┌──

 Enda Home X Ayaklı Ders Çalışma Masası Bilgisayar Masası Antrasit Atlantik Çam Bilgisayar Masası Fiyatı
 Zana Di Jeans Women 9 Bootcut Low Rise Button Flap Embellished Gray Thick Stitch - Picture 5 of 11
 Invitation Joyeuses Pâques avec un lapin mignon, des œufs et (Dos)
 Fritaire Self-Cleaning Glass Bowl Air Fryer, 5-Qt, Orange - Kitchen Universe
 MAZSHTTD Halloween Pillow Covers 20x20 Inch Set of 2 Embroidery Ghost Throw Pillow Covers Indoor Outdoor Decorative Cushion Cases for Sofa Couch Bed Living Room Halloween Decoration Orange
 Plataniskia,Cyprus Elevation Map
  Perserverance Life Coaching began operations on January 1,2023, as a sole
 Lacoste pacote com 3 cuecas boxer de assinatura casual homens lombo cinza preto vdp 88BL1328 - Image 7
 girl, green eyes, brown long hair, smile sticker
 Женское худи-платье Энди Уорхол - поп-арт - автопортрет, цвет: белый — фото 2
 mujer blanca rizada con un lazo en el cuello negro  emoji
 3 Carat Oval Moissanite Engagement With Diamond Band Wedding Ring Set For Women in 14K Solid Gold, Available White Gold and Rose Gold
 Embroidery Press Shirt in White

└──

== What this task involves ==
Give back, exactly as written, the stretch from the line with "Invitation Joyeuses Pâques" through the line with "Lacoste pacote com", and no other lines from the records above.

== Result for this exercise ==
 Invitation Joyeuses Pâques avec un lapin mignon, des œufs et (Dos)
 Fritaire Self-Cleaning Glass Bowl Air Fryer, 5-Qt, Orange - Kitchen Universe
 MAZSHTTD Halloween Pillow Covers 20x20 Inch Set of 2 Embroidery Ghost Throw Pillow Covers Indoor Outdoor Decorative Cushion Cases for Sofa Couch Bed Living Room Halloween Decoration Orange
 Plataniskia,Cyprus Elevation Map
  Perserverance Life Coaching began operations on January 1,2023, as a sole
 Lacoste pacote com 3 cuecas boxer de assinatura casual homens lombo cinza preto vdp 88BL1328 - Image 7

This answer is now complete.